P4-2018-09 – Concours D’ Elegance
By John Khami, PCA Member
The Competition or Concours of Elegance began in Paris in the mid 17th century. Carriage owners gathered in an open area of the city, paraded their horses that pulled the body and wheels onto the field for the Parisians to see. The carriages and horses were judged for their beauty.
On Sunday, July 29 2018 under a generous blue sky with small, puffy clouds, the third largest Concours D’ Elegance in America welcomed close to 300 different makes, models and styles of cars and thousands of people to St. John’s on Five Mile Road in Plymouth, Michigan. This was the sixth year at St. John’s where the Concours was relocated from Meadowbrook in Rochester Hills and the 40th Anniversary of the Concours D’ Elegance in Michigan
Trained Judges who review and inspect the interior, exterior, fit, finish, plating, bright work, wheel cleanliness paint and polish view the vehicles. The car needs to be as close to “mint” condition as possible – meaning — when it was leaving the factory after assembly.
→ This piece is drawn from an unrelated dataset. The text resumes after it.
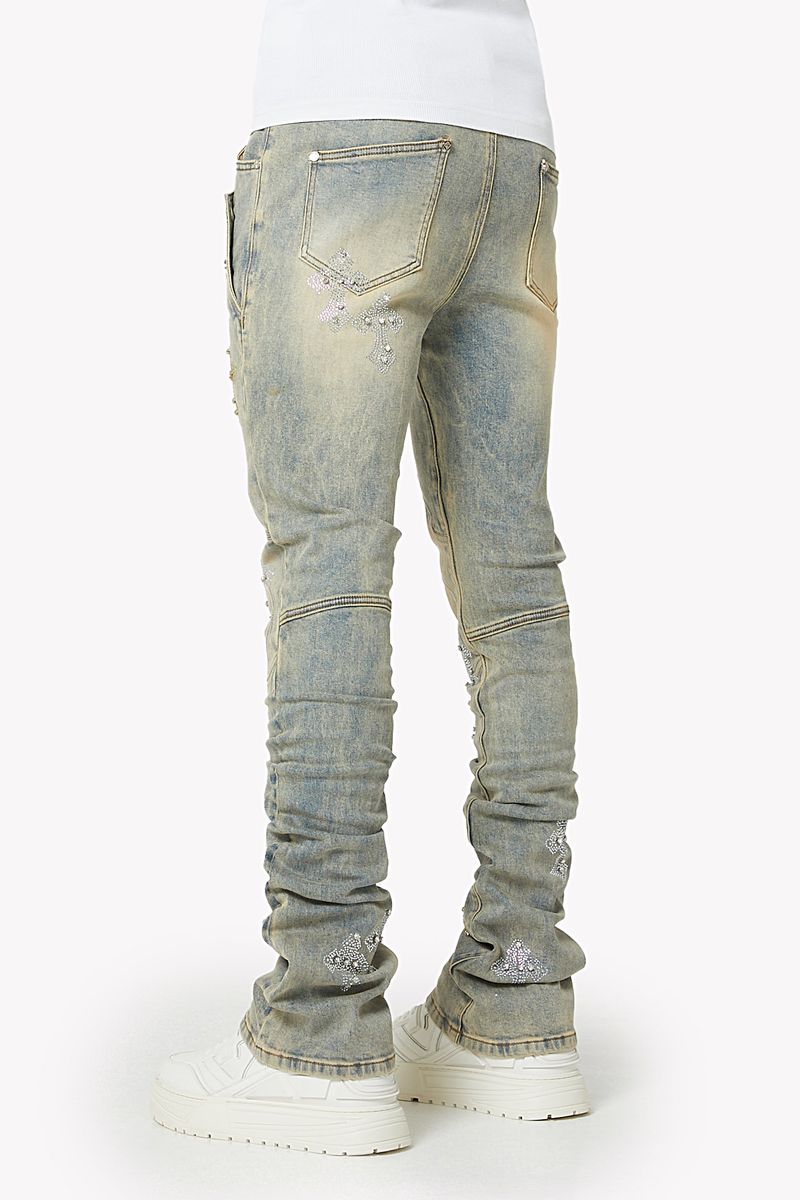 【GUAPI】Faded Cross Denim V2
The visual condition of the vehicle must be as original, bright and flawless, to be judged against other cars of the same year and make. The vehicle is wiped, dusted, polished, rubbed on a constant basis until the owners and crews are told to stop when judging begins.
Another milestone at St. John’s this year was the 70th anniversary display of Porsche Road Cars. Porsche Club of America and Michigan member, David Renner, was tasked by a selection committee with choosing 16 Porsches for the 70th anniversary of the nameplate.
But Porsche was one in a famous line of late model “supercars” that included: “Ferraris, Aston Martin, Jaguar, McLaren, Lamborghini, Lotus, Bugatti, Vector and the Ford GT,” Renner said. “We did this to entice the younger demographic to be interested in the Concours.”
“We chose the 16 cars from nine platforms. We used the 356 and 911. Then we added the 914, the 924-944’s, the 928, Cayenne, Boxter, Cayman, Macaan and Panamera,”
“In addition we had 15 factory made WERKS race cars. The 550, the 718, the America Roadster, the 917 Martini, the 904, 910 and 911. There was the 1968 Porsche Transporter made by Mercedes that was used by the factory to shuttle Porsches to different locations.”
Porsche race drivers Brian Redmond, Vic Elford and Hurley Haywood, were on hand for autographs and stories.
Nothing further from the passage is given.